It doesn't surprise me that Dickey has fallen out of literary fashion; as an outsized personality concerned with elemental questions of good and evil, he is easy to dismiss as a stereotype—"a deep-fried Norman Mailer," in Garner's words. But I suspect that most of Dickey's critics are concocting flimsy excuses not to take his novel seriously. "Deliverance" remains a deeply disturbing work and most of us would rather not be disturbed. Which was exactly Dickey's point. 

The Poacher's Son in the Maine Sportsman

I've been reading the Maine Sportsman for years and depend on it to keep me up to date with Maine outdoor news. I've also learned a ton about becoming a better fly fisher, hunter, and guide (Ken Allen's "Fly Box" has never steered me wrong). So it's a genuine honor to be reviewed in its pages by George Smith, the outgoing director of the Sportsman Alliance of Maine no less. Scroll down to the bottom of the "September Almanac" and you'll read:

The Poacher’s Son, an exceptional read, includes great characters and a terrific plot. It’s a page turner for sure....

There’s been a transition in the mystery fiction world from the day when plot was king, to today when characterization is the most important ingredient in a successful mystery novel.

Doiron has one foot in each camp. His primary character, a Maine game warden, is carefully and accurately drawn. As an observer of the Maine Warden Service for the past 18 years in my capacity as executive director of the Sportsman’s Alliance of Maine, I find Doiron’s presentation of his game warden, Mike Bowditch, spot on, from Bowditch’s frightening encounter with a wounded bear to the complaint against him from a disgruntled boater who received a citation for not having a life jacket on his kid.

I purchased the book because the main character was a game warden. I read it quickly, over a 48-hour period, because the plot grabbed me from the opening chapter....

Although Doiron agrees he’s lucky to get his first novel published, you’ll be the lucky one if you buy it and read it. 

I think my lucky steak is unbroken.

Nature Naivete

There's a widely read article in today's New York Times about people who are getting themselves into dangerous situations because they're venturing without preparation into wild places and then counting on their cell phones, GPS units, and personal satellite messaging devices to bail them out of trouble. The anecdotes are, frankly, jaw-dropping:

People with cellphones call rangers from mountaintops to request refreshments or a guide; in Jackson Hole, Wyo., one lost hiker even asked for hot chocolate.
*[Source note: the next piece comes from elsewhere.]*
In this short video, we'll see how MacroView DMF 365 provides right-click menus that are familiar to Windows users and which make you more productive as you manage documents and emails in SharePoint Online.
A French teenager was injured after plunging 75 feet this month from the South Rim of the Grand Canyon when he backed up while taking pictures. And last fall, a group of hikers in the canyon called in rescue helicopters three times by pressing the emergency button on their satellite location device. When rangers arrived the second time, the hikers explained that their water supply “tasted salty.”

“Because of having that electronic device, people have an expectation that they can do something stupid and be rescued,” said Jackie Skaggs, spokeswoman for Grand Teton National Park in Wyoming.
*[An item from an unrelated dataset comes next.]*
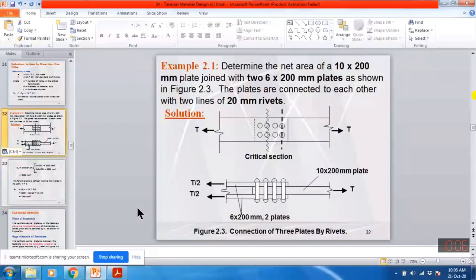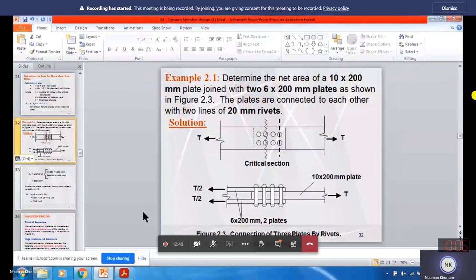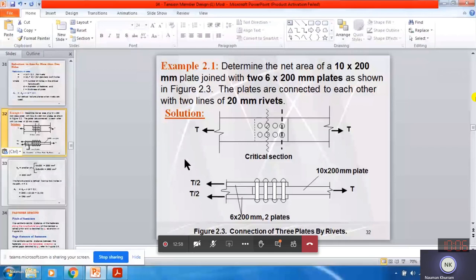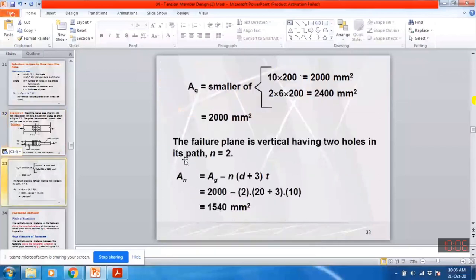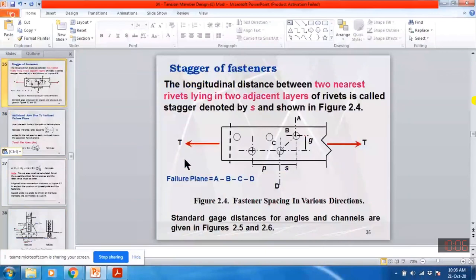Bismillah al-Rahman al-Rahim. Last time we learned how to compute gross area and net area for any structural member connected by rivet or bolt. Today we will discuss some more terminologies related with bolt distance. For example, consider this steel plate subjected to tensile force along the length of the member. When a force acts along the longitudinal axis, due to tensile stresses, the plate always breaks in the transverse direction. Here we discuss different terminologies related with hole distances.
“Every once in a while we get a call from someone who has gone to the top of a peak, the weather has turned and they are confused about how to get down and they want someone to personally escort them,” Ms. Skaggs said. “The answer is that you are up there for the night.”

Talk to any Registered Maine Guide and you'll hear similar anecdotes about clueless urbanites lighting campfires with kerosene and approaching skittish moose to get close-up snapshots. Tenderfeet have always been with us and always will be. One of my favorite short stories, Jack London's harrowing "To Build a Fire," is the tale of a newcomer to the Yukon who simply has no idea what a fool he is until he's literally freezing to death. John Krakauer's Into the Wild offers a contemporary take on this same old story.

The larger issue is our society's increasing detachment from nature. When you are unfamiliar with a thing—a river, an animal, a storm—it's easy to misjudge it. You bring preconceptions based on televised fantasies to matters of life and death (the news that two young people died mimicking the fraud that is "Man vs. Wild" is heartbreaking). It's yet another reason why I urge parents to read Richard Louv's Last Child in the Woods: Saving Our Children from Nature-Deficit Disorder.

I feel sorry for National Park rangers who are forced to offer remedial educations to stranded hikers who should have learned basic life lessons when they were children.